Anna Stork and Andrea Sreshta
Anna Stork and Andrea Sreshta were graduate students at Columbia University's School of Architecture when the devastating earthquake hit Haiti in 2010; in one of their classes, they were assigned a project to find a way to help with disaster relief. After speaking to a relief worker, Stork and Sreshta realized that there was an often-forgotten need after disasters strike: light. The pair decided to create an inflatable, waterproof, and solar-powered light, the LuminAID Solar Light. Their design can be packed flat, charges in 6 hours to provide light for 16, and even features a handle to make it easy to carry. They used a crowdfunding campaign to make their first 1,000 lights, and after LuminAID became a favorite with outdoor enthusiasts — and in home emergency kits — they started a Give Light Project: one light is donated for every light purchased. They have since provided lights to Nepal and to Syrian refugees. Thanks to the work of these two creative innovators, more people will have access to the gift of light during the darkest of times.
Marie Van Brittan Brown
American nurse Marie Van Brittan Brown was concerned about safety when she was home alone at odd hours of the day or night; the crime rate in her neighborhood in Queens, New York, had been increasing, and police response time was slow.
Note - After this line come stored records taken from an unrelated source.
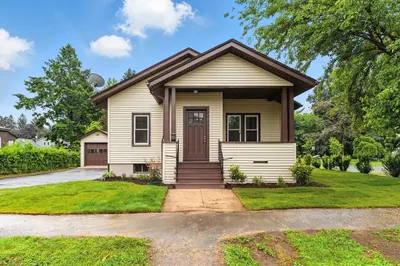 50 W School St 1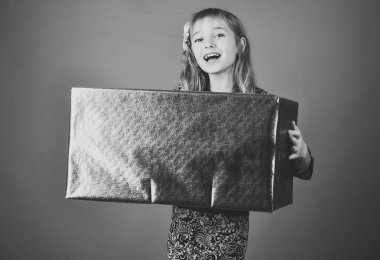 Mevcut Pack, siber Pazartesi kız çocuk. Alışveriş paketi, siyah Cuma ile küçük kız. Doğum günü ve Noel. Boxing Günü, tatil kutlama ve parti. Çocukluk ve mutluluk, hediye kutusu.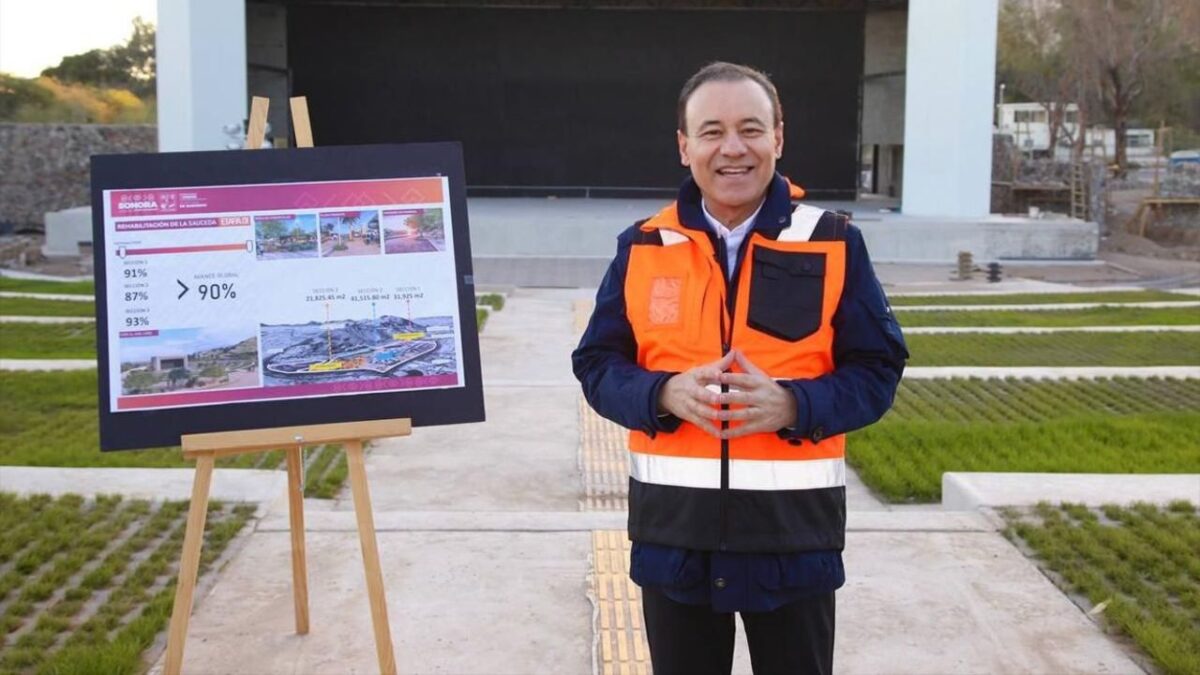 El gobernador Alfonso Durazo Montaño supervisó el avance del 90% en la primera etapa de rehabilitación del parque La Sauceda.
She realized that she would feel less vulnerable if she could see who was at her door — without opening it. Working with her husband Albert, an electrician, Brown created a system of four peep holes and a movable camera that connected wirelessly to a monitor in their bedroom. A two-way microphone allowed conversation with someone outside, and buttons could sound an alarm or remotely unlock the door. The Browns received a patent for their security system in 1969, and Brown received an award from the National Science Committee for her truly innovative idea. Her idea became the groundwork for all modern home security systems, and she's also inspired many fellow inventors, including her own daughter, who also holds multiple patents.